The P35 supports both DDR2 and DDR3, but quite often overclockers (including myself) buy faster RAM than the board supports. The reason is quite simple: the RAM will be more stable because you can take the DRAM speed up to 900 MHz because you have 900 MHz RAM. 800 MHz RAM at 900 MHz will be less stable.

But on the P35, that 900 MHz RAM will run at 900 MHz and not 800 MHz, and when you go to overclock the 900 MHz RAM will jump up to 1000 MHz and even further! Often times an overclock is unsuccessful because the RAM is unstable.

Any more questions?


----------



## blackduck30 (Sep 7, 2004)

Matt I think you are confusing the P5K with the P5K3, the P5K takes DDR2 but the P5K3 takes the DDR3.

I also agree with your other points but you can always set the ram speeds manually in the bios if you wanted to


----------



## TheMatt (May 9, 2006)

I see, you have to overclock it to get the 1066 MHz memory speed.

In that case go with the P5K and the 900 MHz RAM. The P5K looks solid from the reviews I have read.

BTW one thing to remember, DDR3 and DDR2 are the same other than the speed. The signaling, voltage, and memory slots are both the exact same. DDR3 is just a marketing term for faster DDR2 RAM.


----------



## kodi (Jun 30, 2004)

pharoah said:


> i have the very board kodi is talking about.mine supports both ddr2,and ddr3.they are good overclocking boards.ive seen overclocks on them way higher than what ive got mine to.mine is capable of more im just dont have any need to go any farther.
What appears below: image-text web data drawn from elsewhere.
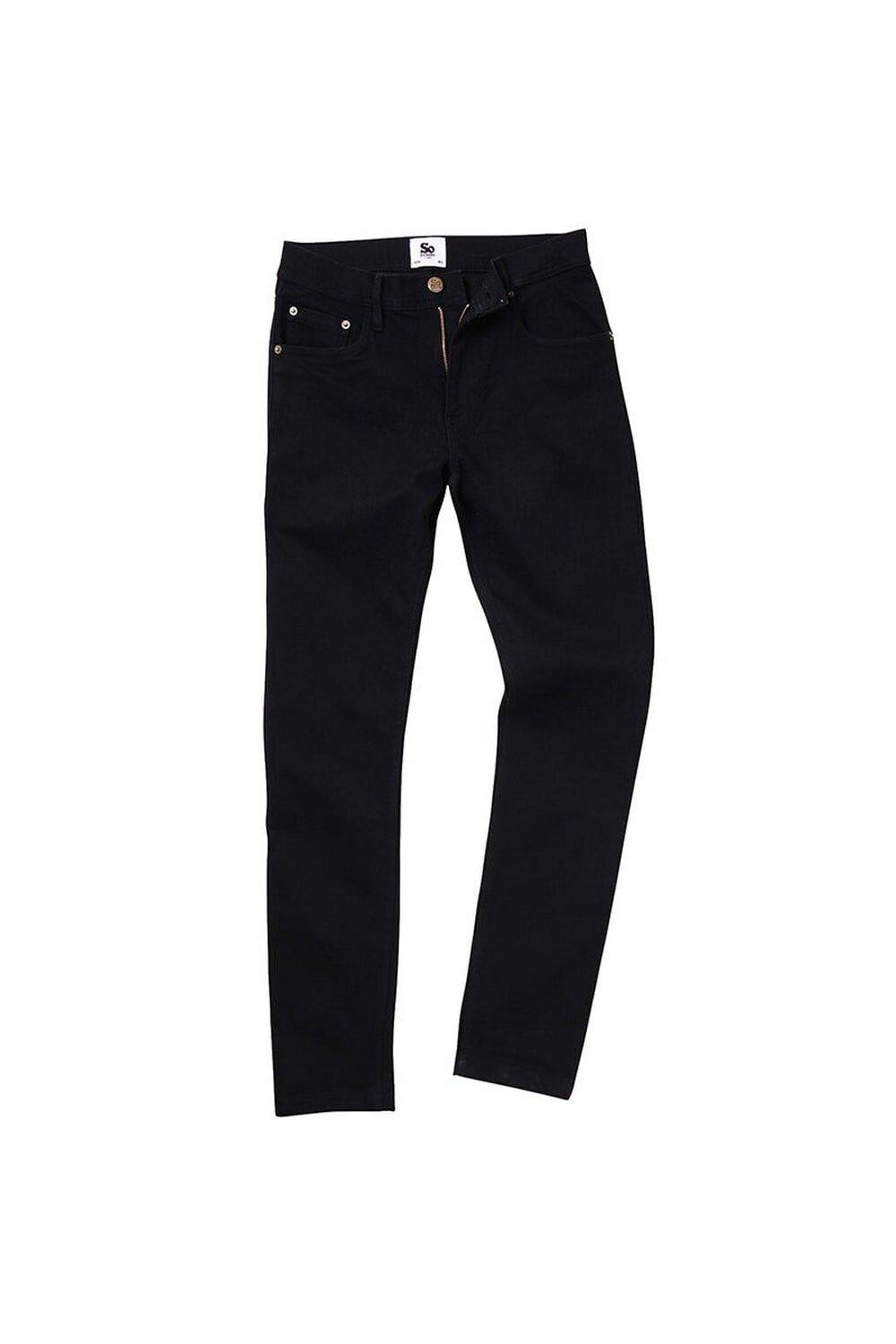 

Джинсы So Denim Max Slim AWDis, черный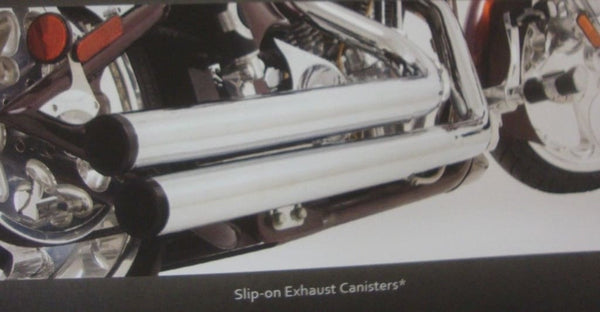 FOR BIG DOG MEAN MOTHERS SLIP ON MUFFLER 8% HP GAIN - HIGH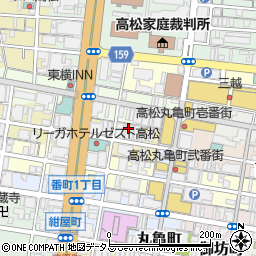 株式会社四国電子計算センター周辺の地図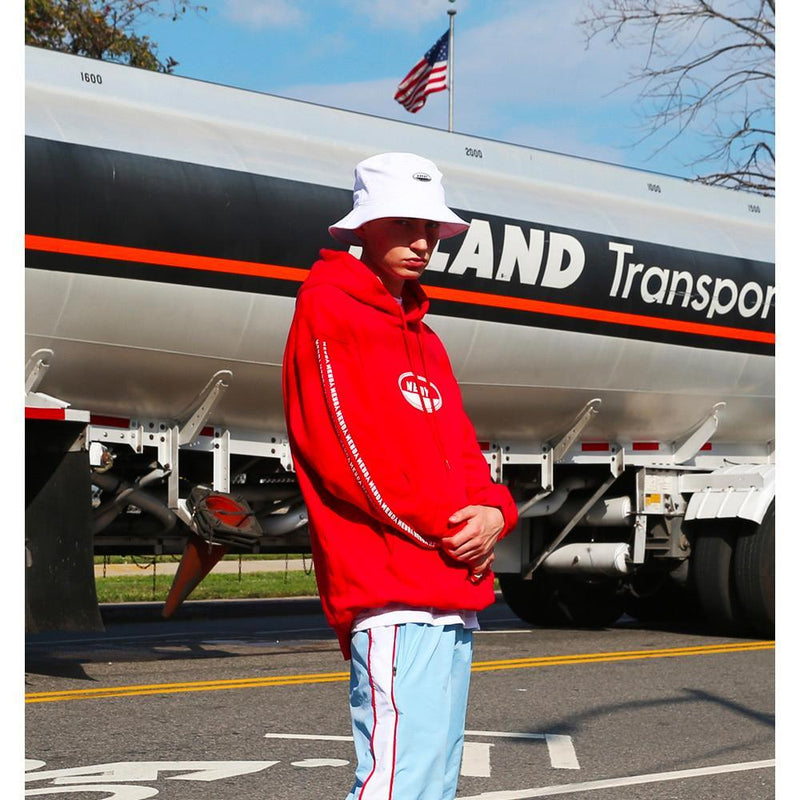 Nerdy - NY Scotchline Hood - Red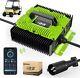 10l0l 18 Amp Golf Cart Battery Charger For 48 Volt Club Car Precedent Ds Fast Ch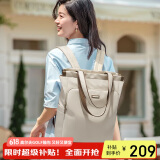 高尔夫（GOLF）单双肩包女休闲通勤17.3英寸电脑背包托特包大学生书包生日礼物女
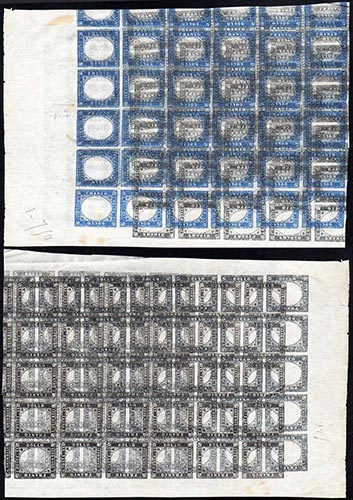 1863 - 15 cent. tipo Sardegna ... 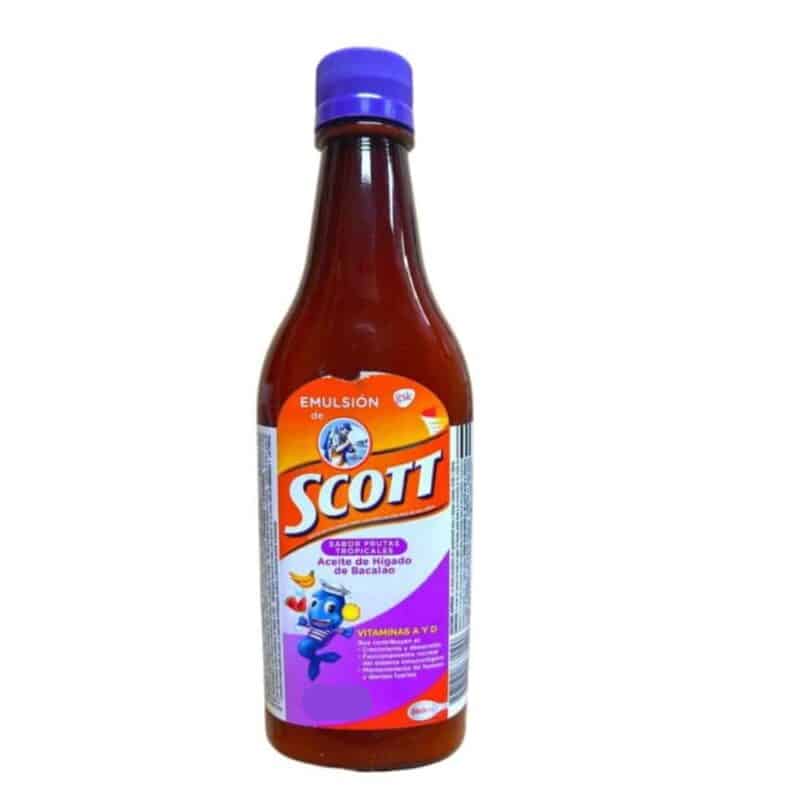 Emulsión Scott 360 ml Frutas Tropicales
I have just purchased that board for my new build as well.


----------



## blackduck30 (Sep 7, 2004)

though this was interesting, was one of the reasons i was going to get a P5K deluxe or premium as i have DDR1066 in my rig now. I aslo agree Matt that the board does look to be getting good reviews, i still have to look into the gigabyte offerings tho, i have never been a fan of different memory slots as you can only use one or the other and it seems a waste to me, with the way things out date today I would go one or the other, it seems a shame to have 2 mem slots that you can not use 

*Native DDR2 1066 Support*
To attain top performance, ASUS engineers have successfully unleashed the true potential of DDR2 memory. While in DDR2 1066 mode, ASUS´s exclusive technology offers a choice of FSB 1333 - providing great performance for 3D graphics and other memory demanding applications


----------



## TheMatt (May 9, 2006)

Getting the E6750 with the x8 multiplier will also be nice to work with for overclocking. :smile: Being able to hit 400 FSB MHz on that board would be a nice accomplishment.


----------



## pharoah (Aug 28, 2006)

i think the op is getting a board like the one i got.ddr3 will be better once they get the timings a bit tighter.till then im not getting any of it either.


----------



## TheMatt (May 9, 2006)

DDR3 will be useful when AMD chipsets start supporting it. It will be a long time before DDR3 can show its full potential in Intel systems.


----------



## kodi (Jun 30, 2004)

The gigabyte P35c have a 1333 FSB, you won't have a bottleneck there.


----------



## TheMatt (May 9, 2006)

But the FSB is only 64-bits wide, whereas running dual channel produces a 128-bit bus doubling the bandwidth. Running 1333 MHz RAM in dual channel with a 1333 MHz Intel CPU bus will end up making the RAM sit in idle half the time while it waits for the FSB to catch up.


----------



## bjonesy5 (Sep 1, 2007)

so i should get this motherboard http://www.ebuyer.com/customer/products/index.html?rb=0&action=c2hvd19wcm9kdWN0X3NwZWNpZmljYXRpb25z&product_uid=129125
with the 900 mhz ram...


----------



## TheMatt (May 9, 2006)

bjonesy5 said:


> so i should get this motherboard http://www.ebuyer.com/customer/products/index.html?rb=0&action=c2hvd19wcm9kdWN0X3NwZWNpZmljYXRpb25z&product_uid=129125
> with the 900 mhz ram...


Yes. That will be good for overclocking.


----------



## bjonesy5 (Sep 1, 2007)

thank you very much for all the help...


----------



## TheMatt (May 9, 2006)

You're welcome.


----------



## Underclocker (Aug 13, 2007)

For overclocking I would go for a Gigabyte P35-DS4, simply because it won an overclocking award in the magazine I regularly read here. Or the P35-DS3R as it's the exact same thing with a less adventurous Northbridge chip cooler. This link is for the DS3R because I can't find the DS4 review. Note the $200 price tag is in AUD.

http://http://www.atomicmpc.com.au/article.asp?CIID=89436&r=rss


----------